§ **Exercise requirements**:
Each entry below is to be extracted exactly.

§ **Data for this task**:

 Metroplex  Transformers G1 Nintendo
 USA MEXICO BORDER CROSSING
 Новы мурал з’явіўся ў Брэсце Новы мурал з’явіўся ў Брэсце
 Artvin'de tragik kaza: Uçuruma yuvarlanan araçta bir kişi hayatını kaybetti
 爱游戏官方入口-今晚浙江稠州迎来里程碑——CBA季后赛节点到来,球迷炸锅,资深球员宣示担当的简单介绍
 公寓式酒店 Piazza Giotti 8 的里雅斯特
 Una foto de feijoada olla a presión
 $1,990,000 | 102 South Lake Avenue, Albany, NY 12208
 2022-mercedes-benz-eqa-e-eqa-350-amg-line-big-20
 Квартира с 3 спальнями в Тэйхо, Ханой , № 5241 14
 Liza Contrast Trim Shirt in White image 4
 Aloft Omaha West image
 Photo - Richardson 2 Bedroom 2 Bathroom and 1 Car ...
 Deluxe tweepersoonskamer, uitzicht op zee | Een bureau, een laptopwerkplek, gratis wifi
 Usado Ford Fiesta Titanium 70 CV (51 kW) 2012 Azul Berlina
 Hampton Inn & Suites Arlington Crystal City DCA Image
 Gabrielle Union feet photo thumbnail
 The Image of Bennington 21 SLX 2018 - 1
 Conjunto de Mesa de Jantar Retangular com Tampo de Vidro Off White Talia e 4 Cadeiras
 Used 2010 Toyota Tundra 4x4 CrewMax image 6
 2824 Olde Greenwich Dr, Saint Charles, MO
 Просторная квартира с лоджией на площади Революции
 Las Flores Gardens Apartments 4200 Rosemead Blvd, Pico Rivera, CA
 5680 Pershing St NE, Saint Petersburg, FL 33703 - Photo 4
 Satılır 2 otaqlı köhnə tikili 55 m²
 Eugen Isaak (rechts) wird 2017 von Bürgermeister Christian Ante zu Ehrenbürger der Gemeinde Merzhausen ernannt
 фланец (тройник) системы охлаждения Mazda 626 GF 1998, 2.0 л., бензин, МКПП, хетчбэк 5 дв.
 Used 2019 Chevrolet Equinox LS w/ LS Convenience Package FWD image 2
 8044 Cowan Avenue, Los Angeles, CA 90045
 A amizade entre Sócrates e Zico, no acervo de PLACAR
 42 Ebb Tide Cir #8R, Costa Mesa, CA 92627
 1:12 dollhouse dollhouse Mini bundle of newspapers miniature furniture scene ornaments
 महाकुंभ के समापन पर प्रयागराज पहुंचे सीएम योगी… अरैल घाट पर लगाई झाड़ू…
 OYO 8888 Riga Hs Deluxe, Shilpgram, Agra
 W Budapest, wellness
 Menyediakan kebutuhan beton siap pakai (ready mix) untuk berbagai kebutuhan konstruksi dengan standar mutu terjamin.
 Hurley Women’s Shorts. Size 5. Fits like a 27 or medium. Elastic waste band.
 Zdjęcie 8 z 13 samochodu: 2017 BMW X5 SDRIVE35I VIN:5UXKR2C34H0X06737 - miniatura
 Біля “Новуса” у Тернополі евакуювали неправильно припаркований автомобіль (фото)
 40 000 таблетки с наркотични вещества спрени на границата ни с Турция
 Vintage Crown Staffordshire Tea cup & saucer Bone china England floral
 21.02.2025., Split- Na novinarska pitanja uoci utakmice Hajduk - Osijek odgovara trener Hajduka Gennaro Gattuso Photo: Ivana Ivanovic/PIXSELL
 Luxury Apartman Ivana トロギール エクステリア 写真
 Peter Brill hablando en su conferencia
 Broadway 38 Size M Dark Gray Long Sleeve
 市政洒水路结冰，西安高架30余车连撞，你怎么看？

§ **Result**:
 Metroplex  Transformers G1 Nintendo
 USA MEXICO BORDER CROSSING
 Новы мурал з’явіўся ў Брэсце Новы мурал з’явіўся ў Брэсце
 Artvin'de tragik kaza: Uçuruma yuvarlanan araçta bir kişi hayatını kaybetti
 爱游戏官方入口-今晚浙江稠州迎来里程碑——CBA季后赛节点到来,球迷炸锅,资深球员宣示担当的简单介绍
 公寓式酒店 Piazza Giotti 8 的里雅斯特
 Una foto de feijoada olla a presión
 $1,990,000 | 102 South Lake Avenue, Albany, NY 12208
 2022-mercedes-benz-eqa-e-eqa-350-amg-line-big-20
 Квартира с 3 спальнями в Тэйхо, Ханой , № 5241 14
 Liza Contrast Trim Shirt in White image 4
 Aloft Omaha West image
 Photo - Richardson 2 Bedroom 2 Bathroom and 1 Car ...
 Deluxe tweepersoonskamer, uitzicht op zee | Een bureau, een laptopwerkplek, gratis wifi
 Usado Ford Fiesta Titanium 70 CV (51 kW) 2012 Azul Berlina
 Hampton Inn & Suites Arlington Crystal City DCA Image
 Gabrielle Union feet photo thumbnail
 The Image of Bennington 21 SLX 2018 - 1
 Conjunto de Mesa de Jantar Retangular com Tampo de Vidro Off White Talia e 4 Cadeiras
 Used 2010 Toyota Tundra 4x4 CrewMax image 6
 2824 Olde Greenwich Dr, Saint Charles, MO
 Просторная квартира с лоджией на площади Революции
 Las Flores Gardens Apartments 4200 Rosemead Blvd, Pico Rivera, CA
 5680 Pershing St NE, Saint Petersburg, FL 33703 - Photo 4
 Satılır 2 otaqlı köhnə tikili 55 m²
 Eugen Isaak (rechts) wird 2017 von Bürgermeister Christian Ante zu Ehrenbürger der Gemeinde Merzhausen ernannt
 фланец (тройник) системы охлаждения Mazda 626 GF 1998, 2.0 л., бензин, МКПП, хетчбэк 5 дв.
 Used 2019 Chevrolet Equinox LS w/ LS Convenience Package FWD image 2
 8044 Cowan Avenue, Los Angeles, CA 90045
 A amizade entre Sócrates e Zico, no acervo de PLACAR
 42 Ebb Tide Cir #8R, Costa Mesa, CA 92627
 1:12 dollhouse dollhouse Mini bundle of newspapers miniature furniture scene ornaments
 महाकुंभ के समापन पर प्रयागराज पहुंचे सीएम योगी… अरैल घाट पर लगाई झाड़ू…
 OYO 8888 Riga Hs Deluxe, Shilpgram, Agra
 W Budapest, wellness
 Menyediakan kebutuhan beton siap pakai (ready mix) untuk berbagai kebutuhan konstruksi dengan standar mutu terjamin.
 Hurley Women’s Shorts. Size 5. Fits like a 27 or medium. Elastic waste band.
 Zdjęcie 8 z 13 samochodu: 2017 BMW X5 SDRIVE35I VIN:5UXKR2C34H0X06737 - miniatura
 Біля “Новуса” у Тернополі евакуювали неправильно припаркований автомобіль (фото)
 40 000 таблетки с наркотични вещества спрени на границата ни с Турция
 Vintage Crown Staffordshire Tea cup & saucer Bone china England floral
 21.02.2025., Split- Na novinarska pitanja uoci utakmice Hajduk - Osijek odgovara trener Hajduka Gennaro Gattuso Photo: Ivana Ivanovic/PIXSELL
 Luxury Apartman Ivana トロギール エクステリア 写真
 Peter Brill hablando en su conferencia
 Broadway 38 Size M Dark Gray Long Sleeve
 市政洒水路结冰，西安高架30余车连撞，你怎么看？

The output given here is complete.